Het openbaar ministerie heeft in eerste aanleg gevorderd dat aan de betrokkene de verplichting zal worden opgelegd tot betaling van een geldbedrag aan de Staat ter ontneming van wederrechtelijk verkregen voordeel, geschat tot een bedrag van € 80.000,00.
De betrokkene is bij vonnis van de economische kamer [1] van de rechtbank Noord-Holland van 4 mei 2022 in de strafzaak veroordeeld ter zake van overtreding van een voorschrift, gesteld bij artikel 38, eerste lid, van de Geneesmiddelenwet, opzettelijk begaan, meermalen gepleegd.
Voorts heeft de economische kamer van de rechtbank Noord-Holland bij vonnis van 4 mei 2022 in de ontnemingszaak de betrokkene de verplichting opgelegd tot betaling aan de Staat van een bedrag van € 48.000,00 ter ontneming van wederrechtelijk verkregen voordeel.
De betrokkene heeft hoger beroep ingesteld tegen beide vonnissen.

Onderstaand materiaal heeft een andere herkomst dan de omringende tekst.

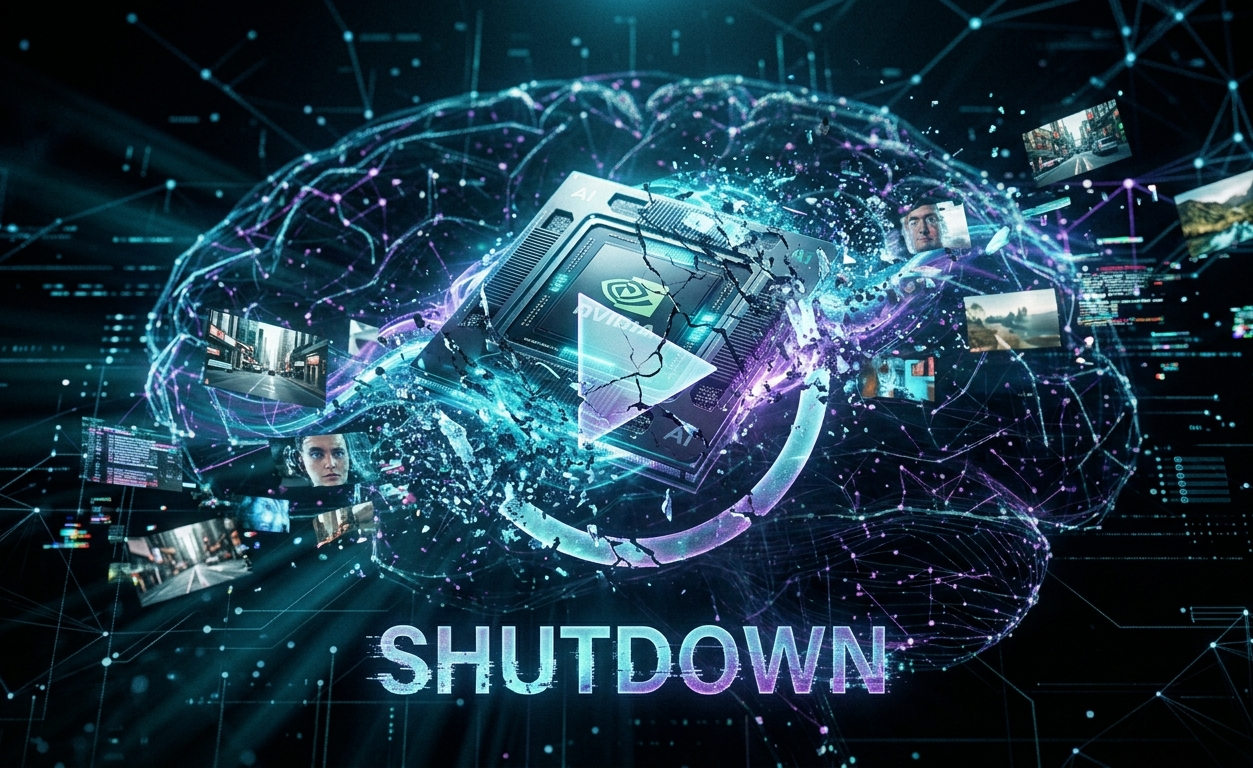 Sora AI shutdown visualization - broken video play button representing OpenAI's discontinued AI video generator platform in 2026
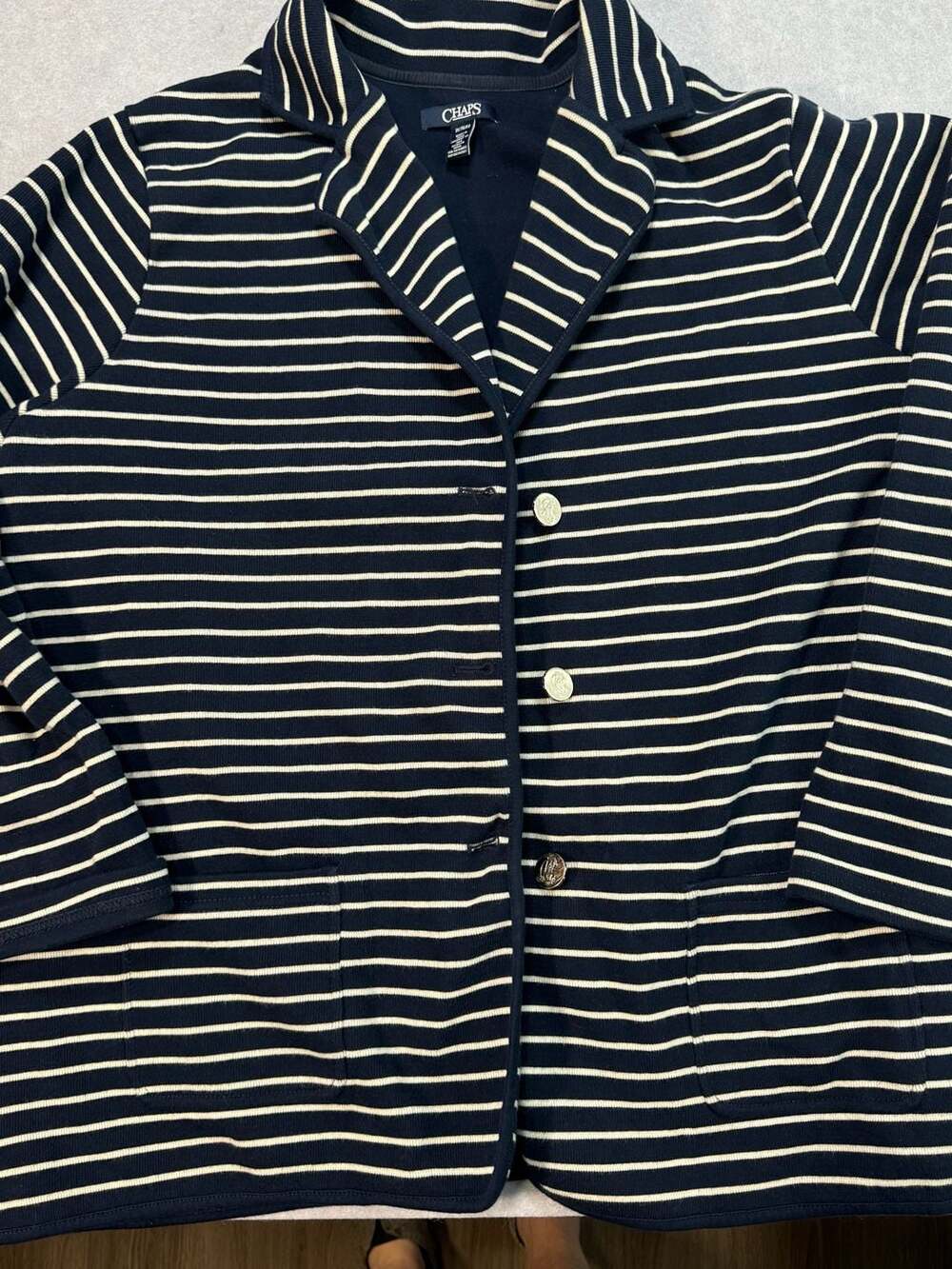 Chaps Women's Navy and White Striped Knit Blazer Jacket Size 1X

De betrokkene is bij arrest van het gerechtshof Amsterdam van 30 januari 2025 veroordeeld ter zake van medeplegen van overtreding van een voorschrift, gesteld bij artikel 38, eerste lid, van de Geneesmiddelenwet, opzettelijk begaan.

Onderzoek van de zaak

Dit arrest is gewezen naar aanleiding van het onderzoek ter terechtzitting in hoger beroep van 27 en 28 november 2024, 2, 9 en 10 december 2024 en 24 januari 2025 en, overeenkomstig het bepaalde bij artikel 422, tweede lid, van het Wetboek van Strafvordering, naar aanleiding van het onderzoek ter terechtzitting in eerste aanleg.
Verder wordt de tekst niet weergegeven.